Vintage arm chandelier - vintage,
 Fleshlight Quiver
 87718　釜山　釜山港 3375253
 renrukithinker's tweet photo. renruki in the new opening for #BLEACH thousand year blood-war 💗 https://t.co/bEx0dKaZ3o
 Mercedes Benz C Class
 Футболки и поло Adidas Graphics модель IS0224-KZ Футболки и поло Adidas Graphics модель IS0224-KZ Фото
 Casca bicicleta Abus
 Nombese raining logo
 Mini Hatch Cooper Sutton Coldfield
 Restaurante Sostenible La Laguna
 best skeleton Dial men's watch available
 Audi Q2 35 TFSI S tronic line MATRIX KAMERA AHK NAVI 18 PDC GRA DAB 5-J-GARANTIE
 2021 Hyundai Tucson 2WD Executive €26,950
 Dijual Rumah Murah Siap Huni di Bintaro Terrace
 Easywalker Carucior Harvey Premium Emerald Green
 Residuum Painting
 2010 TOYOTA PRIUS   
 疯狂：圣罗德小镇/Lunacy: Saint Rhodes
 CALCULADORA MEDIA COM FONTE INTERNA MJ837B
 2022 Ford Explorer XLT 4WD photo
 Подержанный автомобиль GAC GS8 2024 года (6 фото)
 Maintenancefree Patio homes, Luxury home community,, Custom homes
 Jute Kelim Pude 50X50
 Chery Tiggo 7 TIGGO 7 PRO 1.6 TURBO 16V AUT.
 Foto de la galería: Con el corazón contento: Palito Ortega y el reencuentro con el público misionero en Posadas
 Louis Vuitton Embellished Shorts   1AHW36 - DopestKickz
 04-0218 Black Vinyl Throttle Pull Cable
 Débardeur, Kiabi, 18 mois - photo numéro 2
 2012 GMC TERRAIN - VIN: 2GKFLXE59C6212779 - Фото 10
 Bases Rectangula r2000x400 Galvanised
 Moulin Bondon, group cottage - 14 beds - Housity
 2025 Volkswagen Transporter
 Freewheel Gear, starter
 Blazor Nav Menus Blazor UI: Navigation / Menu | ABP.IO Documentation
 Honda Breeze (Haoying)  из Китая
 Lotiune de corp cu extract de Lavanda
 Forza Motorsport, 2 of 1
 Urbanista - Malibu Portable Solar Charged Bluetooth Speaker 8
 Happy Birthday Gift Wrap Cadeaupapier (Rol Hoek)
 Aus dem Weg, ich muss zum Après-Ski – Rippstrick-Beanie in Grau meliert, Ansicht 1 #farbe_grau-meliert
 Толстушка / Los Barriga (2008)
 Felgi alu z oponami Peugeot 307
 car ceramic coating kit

:::

• [Task directions]: If a line of the listing above contains "photo", pick it out and copy it.

• [Written response]:
 renrukithinker's tweet photo. renruki in the new opening for #BLEACH thousand year blood-war 💗 https://t.co/bEx0dKaZ3o
 2022 Ford Explorer XLT 4WD photo
 Débardeur, Kiabi, 18 mois - photo numéro 2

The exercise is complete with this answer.